Instruct your kids to:

  1. Tell a trusted adult if a stranger contacts you
  2. If in doubt of an adult online, mute, block, delete and report
  3. If an adult contacts you and makes you feel in any way uncomfortable, or you’re unsure about them, let your parents and teachers know
  4. Never, ever meet with someone you don’t know online

Graphic and illegal content

Being sent graphic and illegal content can have repercussions for both the sender and the receiver – this kind of content includes:

  • child pornography or child sexual abuse
  • footage of extreme violence
  • advocacy of violence or terrorism
  • instruction of promoting or performing crime or violence

How to manage being sent graphic and illegal content

Instruct your kids to:

  1. Delete it immediately
  2. Mute, block, delete and report the person who sent it
  3. Tell your parents, teacher, and an appropriate authority about what was sent

Social engineering

Also known as hacking, phishing, clickjacking and clickbait

Popular media has skewed how we view the invasion of peoples’ online privacy. In the real world, accessing someone high-value information, images, and accounts are done through social engineering.

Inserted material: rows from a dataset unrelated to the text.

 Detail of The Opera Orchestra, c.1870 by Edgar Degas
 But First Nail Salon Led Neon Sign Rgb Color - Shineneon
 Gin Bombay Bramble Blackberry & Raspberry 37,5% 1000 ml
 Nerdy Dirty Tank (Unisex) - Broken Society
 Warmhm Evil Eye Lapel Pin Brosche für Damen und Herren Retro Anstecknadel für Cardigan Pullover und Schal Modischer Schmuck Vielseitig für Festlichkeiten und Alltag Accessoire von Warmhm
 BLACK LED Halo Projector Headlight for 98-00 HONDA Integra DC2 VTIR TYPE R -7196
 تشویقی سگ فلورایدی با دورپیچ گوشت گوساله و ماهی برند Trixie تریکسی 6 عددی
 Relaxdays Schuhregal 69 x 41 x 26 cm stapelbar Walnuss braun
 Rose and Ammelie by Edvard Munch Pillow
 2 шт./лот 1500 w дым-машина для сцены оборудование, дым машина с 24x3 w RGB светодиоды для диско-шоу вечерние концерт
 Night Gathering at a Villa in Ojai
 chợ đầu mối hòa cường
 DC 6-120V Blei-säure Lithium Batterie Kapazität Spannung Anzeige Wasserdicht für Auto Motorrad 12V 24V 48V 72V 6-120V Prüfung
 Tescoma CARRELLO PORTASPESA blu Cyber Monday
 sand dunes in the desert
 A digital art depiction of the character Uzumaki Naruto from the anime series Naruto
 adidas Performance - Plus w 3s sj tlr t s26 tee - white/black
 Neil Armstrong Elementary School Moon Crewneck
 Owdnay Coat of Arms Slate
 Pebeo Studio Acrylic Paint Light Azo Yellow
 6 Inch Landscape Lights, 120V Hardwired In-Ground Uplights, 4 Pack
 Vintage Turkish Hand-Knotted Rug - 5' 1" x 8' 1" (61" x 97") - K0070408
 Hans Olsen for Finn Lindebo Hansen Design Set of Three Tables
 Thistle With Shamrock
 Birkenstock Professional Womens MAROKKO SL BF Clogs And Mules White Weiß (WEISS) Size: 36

Social engineering is the effort to get someone to give up their passwords. It might be in the form of a scam, like sending a fake ‘your password needs to be reset’ email, or someone asking to just ‘have a look’ inside their account, or as direct as threatening someone to give up their password.

How to manage social engineering

Instruct your kid to:

  1. Use strong password and pins (don’t write them down)
  2. Set-up two factor authentication (a verification that who entered the password or details is the actual owner of the account)
  3. Never ever tell anyone their password (even friends)
  4. If your account is hacked, let the social network, app or institution know about it
  5. If it involves money or sexual imagery, tell your parents, teacher and appropriate authority

Tips on making strong passwords

  1. Use passphrases instead of passwords – things like goodboyswalksoftlyonthemoon or thequeenpancakesighedopenly. These are generally easier to remember and harder for hackers or programs to guess
  2. Hackers are no better at guessing a password made up from two unconnected words as they are at guessing gobbledygook; what’s really important is the length of the password. So, StrawberryZealand1 is much more secure and easier to remember than v4sf3

How successful are these management strategies?

The digital world is hard to navigate, harder to monitor and can be almost impossible to police.

No strategies are fail-safe – the best thing we can do for our kids is to make sure they’re educated on the dangers of the online and digital world.

It’s important to introduce e-safety to kids early

Teaching e-safety can be tough.

There’s a lot of information to get through, and it can be hard for young people to understand the full impact of an online disaster before it happens. Online safety isn’t something you can cover in one session just to tick a box, it’s about teaching our kids to behave just as they are expected to offline.